[PATCH v3] drm/xe: Enable ATS if enabled on the PCI side

Thomas Hellström thomas.hellstrom at linux.intel.com
Tue Jun 10 13:50:31 UTC 2025


On Tue, 2025-06-10 at 06:43 -0700, Matthew Brost wrote:
> On Tue, Jun 10, 2025 at 09:20:19AM +0200, Thomas Hellström wrote:
> > On Mon, 2025-06-09 at 17:46 -0700, Matthew Brost wrote:
> > > On Mon, Jun 09, 2025 at 03:54:08PM +0200, Thomas Hellström wrote:
> > > > If IOMMU and device supports ATS, enable it in an effort to
> > > > offload
> > > > IOMMU TLB.
> > > > 
> > > 
> > > Can you explain what exactly you mean by offload 'IOMMU TLB'.
> > > 
> > > Does that mean physical addresses are cached on the device rather
> > > than
> > > dma-addresses for system memory?
> > 
> > Yes, that's as I understand it, one (the main) purpose of ATS.
> > Instead
> > of sending untranslated addresses for the IOMMU to translate on
> > each
> > access, the device sends physical addresses stored in its
> > translation
> > cache, thereby reducing the translation burden on the IOMMU.
> > 
> 
> Makes sense. Follow up questions - then.
> 
> 1. Do you any platforms have ATS enabled?

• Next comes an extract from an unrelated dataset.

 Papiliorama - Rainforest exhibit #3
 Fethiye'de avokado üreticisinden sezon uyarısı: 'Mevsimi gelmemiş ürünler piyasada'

We have LNL. Problem with LNL for testing is that it appears to be
enabling ATS in this way under-the-hood, to get to the physical page
addresses used to calculate the compression metadata location (and
perhaps other things). Not sure, though whether the LNL always caches
these translations.

We an also test on BMG + Xeon. Work underway.

> 2. Have we measured performance difference on either synthetic
> benchmarks or real work apps to see perf differences?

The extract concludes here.